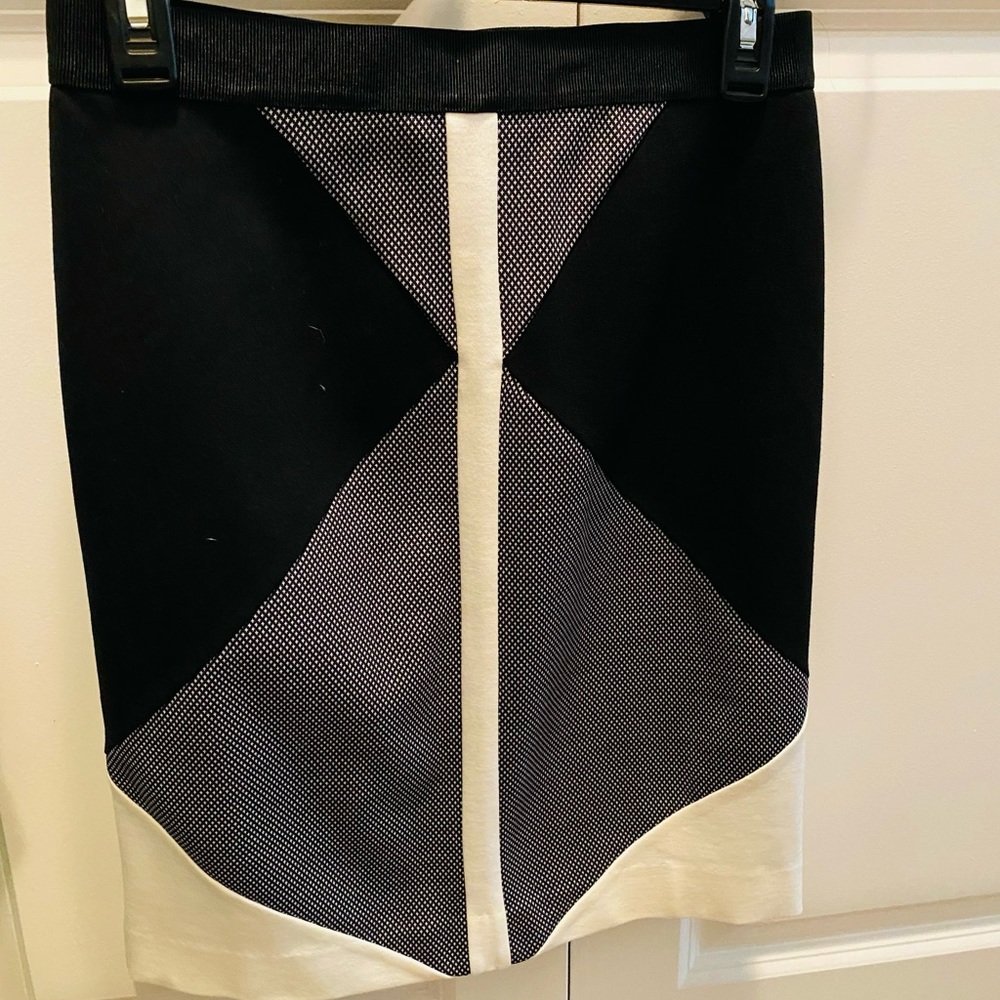 Ann Taylor Black & White Geometric Pattern Skirt. Like new, great condition !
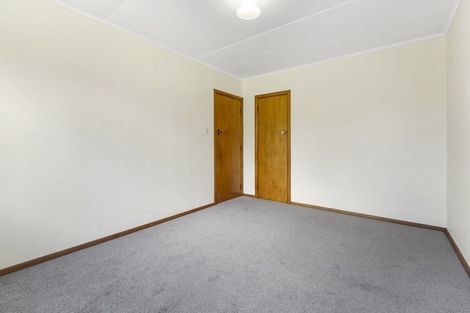 Photo of property in 1 Lawson Street, Pahiatua, 4910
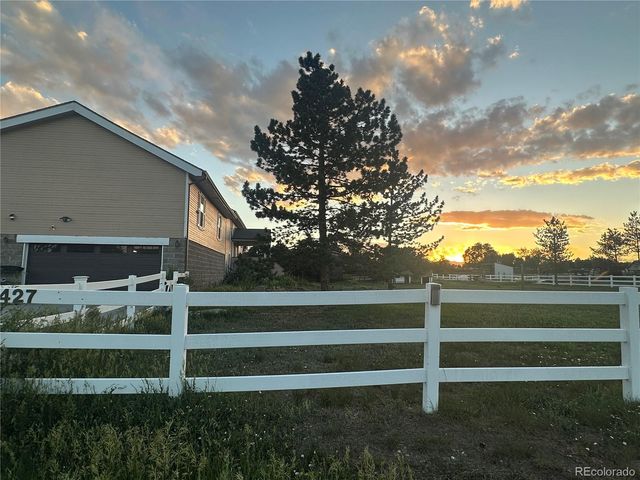 10427 Ammons Street, Broomfield, CO 80021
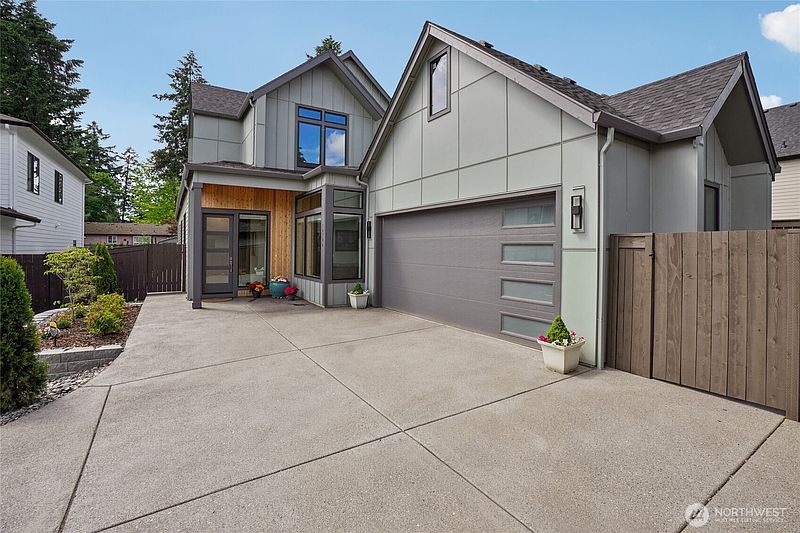 2nd image of 10706 SE 13th Circle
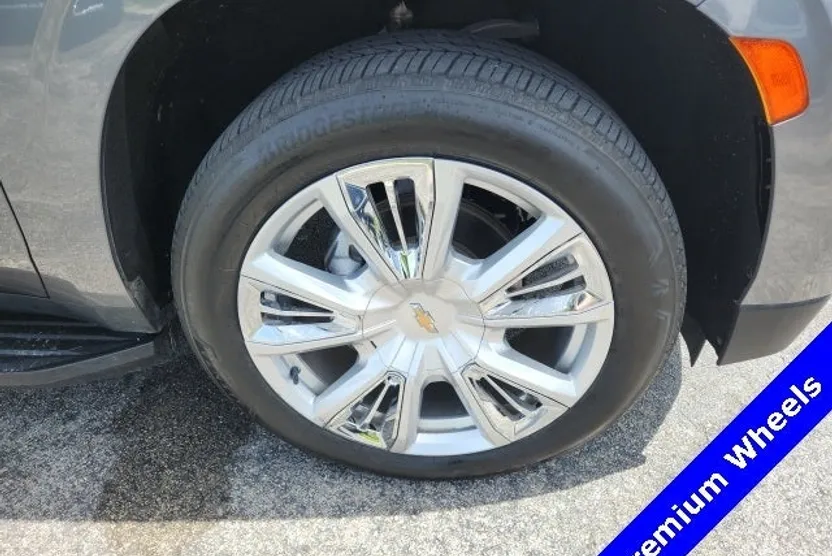 2021 Chevrolet Suburban High Country photo 1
....................
PROBLEM STATEMENT
With pictures left out, print the lines of the material above from the line containing "2nd image of 10706 SE 13th Circle" through its last line, exactly and nothing more.

WRITTEN SOLUTION
 2nd image of 10706 SE 13th Circle
 2021 Chevrolet Suburban High Country photo 1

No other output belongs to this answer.